Umekawa T, Yamate T, Amasaki N, Kohri K, Kurita T
Department of Urology, Kinki University School of Medicine, Osaka, Japan.
Urol Int. 1995;55(1):6-10. doi: 10.1159/000282737.
We had sequenced a cDNA of calcium oxalate urinary stone protein extracted with 0.1 M EDTA. cDNA sequences showed complete homology between urinary stone protein and human osteopontin (OPN, bone sialoprotein I). In the present study, we investigated the expression of OPN mRNA in the rat kidney in an experimental model of renal stone formation using glyoxylic acid and 1,25-dihydroxyvitamin D3 (D3). In the renal stone formation model with and without renal failure, OPN mRNA was shown to be localized by in situ hybridization using an OPN cRNA probe mainly in the distal convoluted tubule of the kidney, and was enhanced compared with the normal control which was sporadically positive. By Northern blot analysis, the expression of OPN mRNA was shown to be increased by about 5.2-fold in the renal stone formation model and 2.3-fold in D3-administered rats compared with controls. However, no change in the expression of OPN mRNA was observed in an acute renal failure model induced by gentamicin or in rats administered glycoxylic acid alone. Therefore, the promotion of OPN mRNA expression was intrinsic to this stone formation model, and not secondary to acute renal failure because of obstruction by microcrystals in the renal tubules or gentamicin.
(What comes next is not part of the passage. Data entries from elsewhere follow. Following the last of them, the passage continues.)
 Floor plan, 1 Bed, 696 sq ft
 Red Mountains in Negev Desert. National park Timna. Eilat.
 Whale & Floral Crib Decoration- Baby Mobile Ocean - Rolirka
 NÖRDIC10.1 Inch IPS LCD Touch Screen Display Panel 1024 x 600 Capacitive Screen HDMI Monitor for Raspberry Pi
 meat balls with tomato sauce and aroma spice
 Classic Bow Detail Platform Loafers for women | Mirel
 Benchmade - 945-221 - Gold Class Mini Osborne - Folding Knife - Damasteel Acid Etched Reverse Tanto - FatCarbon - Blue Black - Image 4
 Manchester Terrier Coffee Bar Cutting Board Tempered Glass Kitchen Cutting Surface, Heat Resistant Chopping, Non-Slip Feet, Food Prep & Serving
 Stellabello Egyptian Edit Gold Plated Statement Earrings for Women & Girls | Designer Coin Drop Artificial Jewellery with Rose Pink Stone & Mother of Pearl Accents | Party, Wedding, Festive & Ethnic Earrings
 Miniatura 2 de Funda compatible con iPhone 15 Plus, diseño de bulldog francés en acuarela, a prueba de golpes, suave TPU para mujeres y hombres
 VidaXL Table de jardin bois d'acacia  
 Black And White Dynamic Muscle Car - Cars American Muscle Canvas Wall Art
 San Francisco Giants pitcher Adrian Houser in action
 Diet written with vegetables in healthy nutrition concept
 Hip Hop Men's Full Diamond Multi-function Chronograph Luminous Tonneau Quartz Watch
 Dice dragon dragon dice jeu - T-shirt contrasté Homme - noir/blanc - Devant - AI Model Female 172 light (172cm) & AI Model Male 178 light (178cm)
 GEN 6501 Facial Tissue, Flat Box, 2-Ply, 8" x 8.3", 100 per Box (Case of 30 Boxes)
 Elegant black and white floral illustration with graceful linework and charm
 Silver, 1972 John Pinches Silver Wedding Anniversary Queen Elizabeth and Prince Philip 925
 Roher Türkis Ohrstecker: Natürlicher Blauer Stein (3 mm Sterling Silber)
我们已对用0.1M乙二胺四乙酸(EDTA)提取的草酸钙尿结石蛋白的互补脱氧核糖核酸(cDNA)进行了测序。cDNA序列显示尿结石蛋白与人骨桥蛋白(OPN,骨唾液蛋白I)完全同源。在本研究中,我们使用乙醛酸和1,25 - 二羟基维生素D3(D3),在肾结石形成的实验模型中研究了大鼠肾脏中OPN信使核糖核酸(mRNA)的表达。在有和没有肾衰竭的肾结石形成模型中,使用OPN互补核糖核酸(cRNA)探针通过原位杂交显示OPN mRNA主要定位于肾脏的远曲小管,并且与偶尔呈阳性的正常对照相比有所增强。通过Northern印迹分析,与对照相比,在肾结石形成模型中OPN mRNA的表达增加了约5.2倍,在给予D3的大鼠中增加了2.3倍。然而,在庆大霉素诱导的急性肾衰竭模型或单独给予乙醛酸的大鼠中未观察到OPN mRNA表达的变化。因此,OPN mRNA表达的促进是该结石形成模型所固有的,而不是继发于肾小管中微晶阻塞或庆大霉素所致的急性肾衰竭。